The website notes that Aspiring Antiracists works with both the school’s office of diversity, equity, and inclusion and Families of Color United for Success, which is intended for “families or students at The Galloway School who identify themselves as people of color.” The school even partners with an organization called New American Pathways to aid in refugee resettlement in Atlanta.
The Galloway School is just one of the more than 100 schools that partners with PEN. The Miquon School, also affiliated with the NAIS, is located in Pennsylvania. It also partners with the PEN and pushes a similar agenda. Staff at Miquon read the book “I Am Jazz,” the story of a transgender child, to kindergarten students.
Miquon brags that the reading prompted the kindergarteners to “freely explore in the dress up area, to confidently act in theatrical roles across genders, and to respect the gender fluidity of our community members.” The school notes that these readings are used as a “provocation for deeper understandings about differences” such as those relating to “gender identity.”
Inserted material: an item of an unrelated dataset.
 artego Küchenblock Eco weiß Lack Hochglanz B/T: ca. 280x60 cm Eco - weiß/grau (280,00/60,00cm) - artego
Massachusetts’s Cambridge School of Weston is a member of NAIS and is partnered with PEN. It too has pushed left-wing doctrines on its students, and has even embedded leftwing doctrines into its curriculum.
The school requires students to fulfill a social justice requirement in order to graduate. In order to fulfill this requirement, a course must examine “historical and contemporary issues from the perspectives of non-western cultures and/or historically oppressed groups,” “structures of power and privilege — their history, causes, and effects,” or “models of social change, with the goal of advancing human rights and equity,” the site reads.
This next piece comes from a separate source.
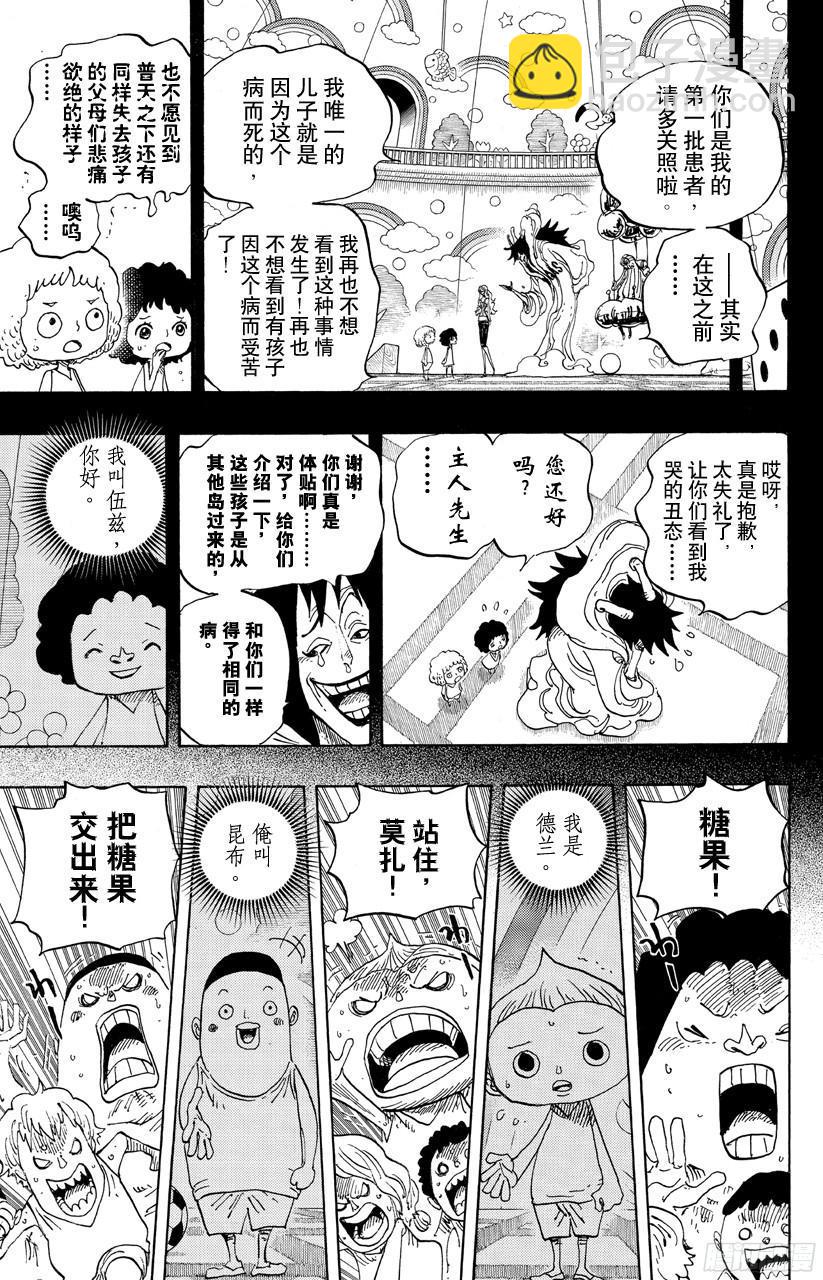 航海王 - 第686話 餅乾房內的雪女 - 5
The Cambridge School of Weston also hosts affinity groups centered around students’ racial and gender identities and has a racial equity task force.
PEN’s Leadership Overlaps With NAIS
PEN’s mission and activities are unabashedly left-wing, and have affected the larger and more powerful National Association for Independent Schools, which is responsible for the accreditation of more than 1,600 K-12 private schools throughout the country.
There is significant overlap between the member schools of PEN and the NAIS, displaying ideological agreement between the two groups. The overlap between their leadership displays more extensive collaboration and ideological agreement between the organizations.
Chris Thinnes is on the board of PEN and on the NAIS’s advisory council on diversity. According to the bio for his blog, he is also a member of the EduColor collective, which “mobilizes advocates nationwide around issues of educational equity, agency, and justice.”
The Galloway School’s Head, Dr. James Calleroz White, has been on the NAIS’s board of trustees for approximately oen year. White, along with Galloway’s chief diversity officer Karen Bradberry, are listed as faculty for the NAIS Diversity Leadership Institute Seminar.
Theressa Collins is an emeritus member of PEN and co-directs the organization’s flagship professional development activity, NiPEN. She’s also the upper school principal of the St. Paul Academy and Summit School, which sends students and staff members to multiple different woke conferences hosted by the NAIS, including the People of Color Conference, which was co-founded by a former Black Panther.
Although they exist as two separate entities and frame their objectives in different ways, the Progressive Education Network and the National Association of Independent Schools seem to share a common goal: to indoctrinate America’s schoolchildren with extreme left-wing beliefs on race and gender.
The Progressive Education Network, The Galloway School, The Miquon School, and The Cambridge School of Weston did not respond to requests for comment.